__Problem statement__
Print exactly the lines from the one containing "Alfredo Morelos (Izq.)" through the last line of the records below, both included, and nothing else; omit any pictures.

*** Opening of Study material ***

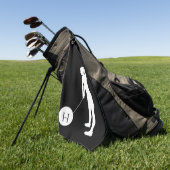 白黒シルエットガールゴルファー女子レディースゴルフ ゴルフタオル (グリーン)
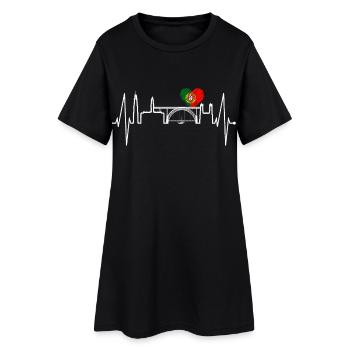 Porto Skyline Herzschlag Portugal Herz Love Porto - Frauen T-Shirt-Kleid - Schwarz - Vorne
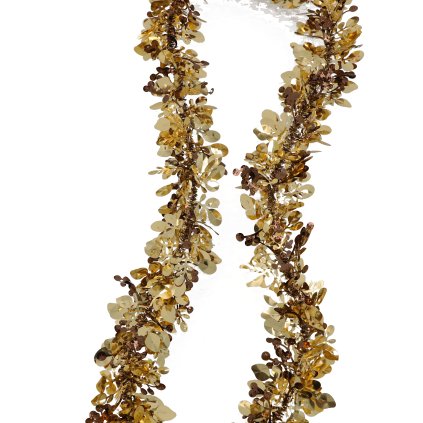 Vánoční girlanda hnědá se třpytivými lístky 2m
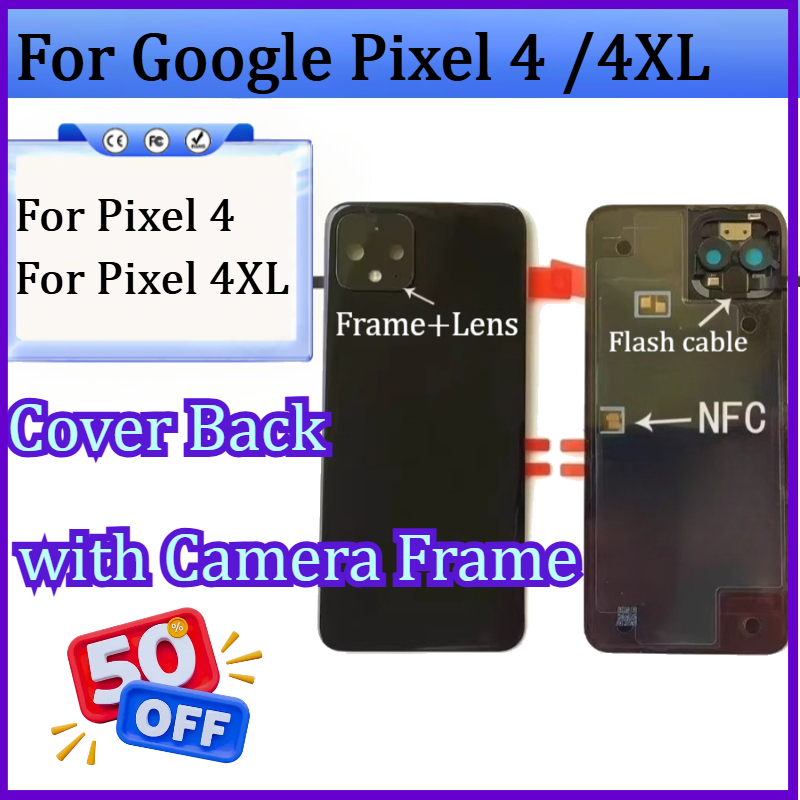 Google ピクセル 4 バッテリーカバーバックハウジングリアケース Google ピクセル 4XL バックバッテリードアとカメラフレーム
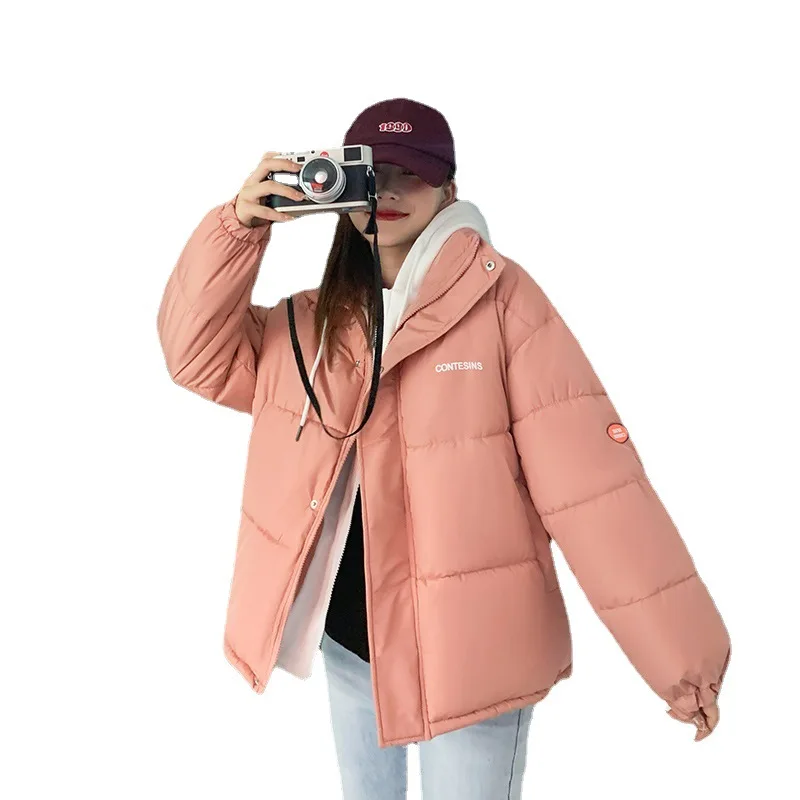 Parkas Women Short Chic Hooded Fake Two Pieces Cotton Jacket plus Size Loose Cotton Padded Jacket Cotto Jacket Winter Coat Women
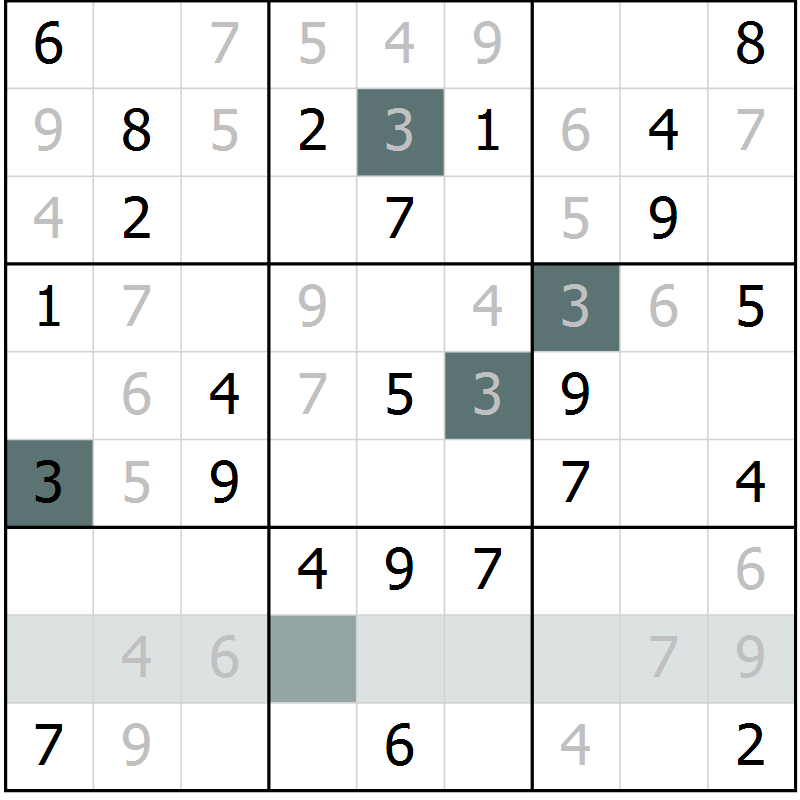 Position des candidats pour la solution de la Gr 62 page 64 du magazine de sudoku Expert n° 013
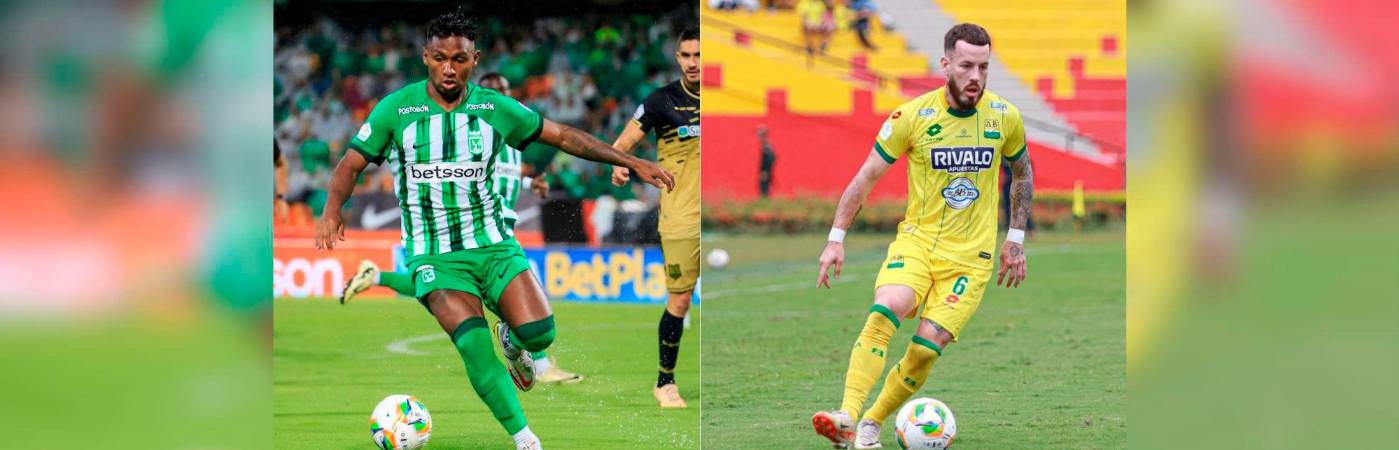 Alfredo Morelos (Izq.) ajusta 2 goles y 1 asistencia con la camiseta de Nacional. Santiago Jiménez (der.) ha jugado 8 de los 9 partidos del Bucaramanga en el Finalización. /FOTOS: CAMILO SUÁREZ Y CORTESÍA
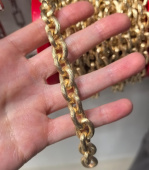 Цепь "Медеа", 50 см, 10*14 мм, позолота/родирование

*** Close of Study material ***

__Solution to this exercise__
 Alfredo Morelos (Izq.) ajusta 2 goles y 1 asistencia con la camiseta de Nacional. Santiago Jiménez (der.) ha jugado 8 de los 9 partidos del Bucaramanga en el Finalización. /FOTOS: CAMILO SUÁREZ Y CORTESÍA
 Цепь "Медеа", 50 см, 10*14 мм, позолота/родирование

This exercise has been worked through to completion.